## BRIEF
Using the material below, work out how many lines contain the word "Indus". Reply with the number and nothing more.

## EXERCISE INPUT
____________

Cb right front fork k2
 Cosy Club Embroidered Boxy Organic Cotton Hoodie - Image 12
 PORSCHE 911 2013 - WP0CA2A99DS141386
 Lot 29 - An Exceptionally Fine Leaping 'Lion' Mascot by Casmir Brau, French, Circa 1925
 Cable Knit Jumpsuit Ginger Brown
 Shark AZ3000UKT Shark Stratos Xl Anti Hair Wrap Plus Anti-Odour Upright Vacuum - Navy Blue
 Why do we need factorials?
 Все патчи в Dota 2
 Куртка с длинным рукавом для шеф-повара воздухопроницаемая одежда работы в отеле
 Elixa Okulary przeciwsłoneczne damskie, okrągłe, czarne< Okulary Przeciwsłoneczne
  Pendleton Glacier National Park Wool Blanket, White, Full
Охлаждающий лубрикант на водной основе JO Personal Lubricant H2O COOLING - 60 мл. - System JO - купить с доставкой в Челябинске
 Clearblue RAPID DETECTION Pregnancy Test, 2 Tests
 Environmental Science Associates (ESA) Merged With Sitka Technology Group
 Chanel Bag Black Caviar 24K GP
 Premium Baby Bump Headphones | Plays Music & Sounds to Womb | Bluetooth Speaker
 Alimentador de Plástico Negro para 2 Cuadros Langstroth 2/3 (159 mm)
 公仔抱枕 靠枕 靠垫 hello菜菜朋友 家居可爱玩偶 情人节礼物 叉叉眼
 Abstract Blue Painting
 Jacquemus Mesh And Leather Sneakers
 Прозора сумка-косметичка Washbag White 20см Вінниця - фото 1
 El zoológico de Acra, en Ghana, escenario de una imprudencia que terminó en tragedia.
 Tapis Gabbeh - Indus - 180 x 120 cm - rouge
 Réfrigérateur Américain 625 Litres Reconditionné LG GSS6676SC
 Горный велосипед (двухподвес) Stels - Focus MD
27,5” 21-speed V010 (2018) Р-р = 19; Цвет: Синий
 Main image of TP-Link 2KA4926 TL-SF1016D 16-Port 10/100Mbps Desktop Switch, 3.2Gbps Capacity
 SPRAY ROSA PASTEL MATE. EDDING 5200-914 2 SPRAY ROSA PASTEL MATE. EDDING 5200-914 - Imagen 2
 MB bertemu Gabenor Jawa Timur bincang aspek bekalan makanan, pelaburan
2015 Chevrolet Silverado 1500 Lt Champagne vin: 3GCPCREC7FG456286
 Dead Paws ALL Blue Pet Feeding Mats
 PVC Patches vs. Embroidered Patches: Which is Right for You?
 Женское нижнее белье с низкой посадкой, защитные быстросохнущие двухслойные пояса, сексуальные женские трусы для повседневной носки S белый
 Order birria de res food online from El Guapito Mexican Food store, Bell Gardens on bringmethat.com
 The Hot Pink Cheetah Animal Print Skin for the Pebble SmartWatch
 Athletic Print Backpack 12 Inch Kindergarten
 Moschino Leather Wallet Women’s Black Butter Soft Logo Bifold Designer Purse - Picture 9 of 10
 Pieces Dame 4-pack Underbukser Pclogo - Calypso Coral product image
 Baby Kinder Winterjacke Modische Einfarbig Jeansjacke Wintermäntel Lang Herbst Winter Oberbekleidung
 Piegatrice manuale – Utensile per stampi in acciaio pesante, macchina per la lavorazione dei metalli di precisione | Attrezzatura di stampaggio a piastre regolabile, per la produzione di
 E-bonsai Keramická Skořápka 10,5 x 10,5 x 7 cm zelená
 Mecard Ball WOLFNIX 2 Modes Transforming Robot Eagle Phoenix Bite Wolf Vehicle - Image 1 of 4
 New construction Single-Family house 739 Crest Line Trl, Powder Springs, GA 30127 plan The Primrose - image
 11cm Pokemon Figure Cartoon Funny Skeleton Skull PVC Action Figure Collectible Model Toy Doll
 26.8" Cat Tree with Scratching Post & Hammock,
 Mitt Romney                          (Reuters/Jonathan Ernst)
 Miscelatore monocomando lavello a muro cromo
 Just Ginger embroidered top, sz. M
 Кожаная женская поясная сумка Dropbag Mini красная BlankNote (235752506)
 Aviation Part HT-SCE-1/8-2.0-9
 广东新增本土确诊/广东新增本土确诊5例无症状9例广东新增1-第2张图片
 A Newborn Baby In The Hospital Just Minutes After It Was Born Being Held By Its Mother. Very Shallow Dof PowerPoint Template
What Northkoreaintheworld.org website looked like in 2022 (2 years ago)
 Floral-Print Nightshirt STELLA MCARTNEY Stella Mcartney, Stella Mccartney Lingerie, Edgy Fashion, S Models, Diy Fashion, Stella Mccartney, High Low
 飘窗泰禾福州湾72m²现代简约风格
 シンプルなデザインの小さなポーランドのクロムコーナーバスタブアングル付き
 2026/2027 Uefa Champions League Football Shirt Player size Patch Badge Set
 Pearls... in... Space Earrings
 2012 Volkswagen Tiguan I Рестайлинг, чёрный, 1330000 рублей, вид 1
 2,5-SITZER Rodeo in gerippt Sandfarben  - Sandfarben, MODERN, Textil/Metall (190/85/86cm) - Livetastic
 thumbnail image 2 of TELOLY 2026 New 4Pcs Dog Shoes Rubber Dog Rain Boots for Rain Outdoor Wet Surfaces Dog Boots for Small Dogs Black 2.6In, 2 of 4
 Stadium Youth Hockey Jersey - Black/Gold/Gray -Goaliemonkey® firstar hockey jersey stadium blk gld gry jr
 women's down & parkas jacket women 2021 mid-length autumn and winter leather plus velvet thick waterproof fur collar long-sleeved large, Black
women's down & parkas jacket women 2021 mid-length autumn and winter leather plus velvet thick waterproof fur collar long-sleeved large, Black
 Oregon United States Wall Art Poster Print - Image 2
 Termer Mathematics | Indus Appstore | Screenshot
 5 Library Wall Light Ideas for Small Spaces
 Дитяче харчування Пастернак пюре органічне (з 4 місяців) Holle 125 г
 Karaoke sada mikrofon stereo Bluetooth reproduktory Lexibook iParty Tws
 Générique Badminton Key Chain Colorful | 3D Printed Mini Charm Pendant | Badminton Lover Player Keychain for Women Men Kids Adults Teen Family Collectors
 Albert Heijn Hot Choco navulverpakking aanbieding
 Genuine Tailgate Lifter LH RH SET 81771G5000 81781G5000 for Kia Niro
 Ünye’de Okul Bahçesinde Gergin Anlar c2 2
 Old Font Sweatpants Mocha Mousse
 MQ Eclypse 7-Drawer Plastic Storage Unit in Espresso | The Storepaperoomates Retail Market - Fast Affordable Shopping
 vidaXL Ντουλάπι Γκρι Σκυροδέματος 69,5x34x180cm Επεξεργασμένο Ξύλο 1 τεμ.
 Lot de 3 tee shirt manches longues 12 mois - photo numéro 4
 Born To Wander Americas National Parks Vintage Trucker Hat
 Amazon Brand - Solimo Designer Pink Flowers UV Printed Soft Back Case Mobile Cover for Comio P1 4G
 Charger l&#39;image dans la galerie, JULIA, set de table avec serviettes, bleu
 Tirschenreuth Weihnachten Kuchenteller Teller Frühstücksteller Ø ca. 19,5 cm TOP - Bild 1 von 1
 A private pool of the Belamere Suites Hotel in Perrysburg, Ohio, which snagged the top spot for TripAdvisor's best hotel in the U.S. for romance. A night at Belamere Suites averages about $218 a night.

____________

## YOUR RESPONSE
2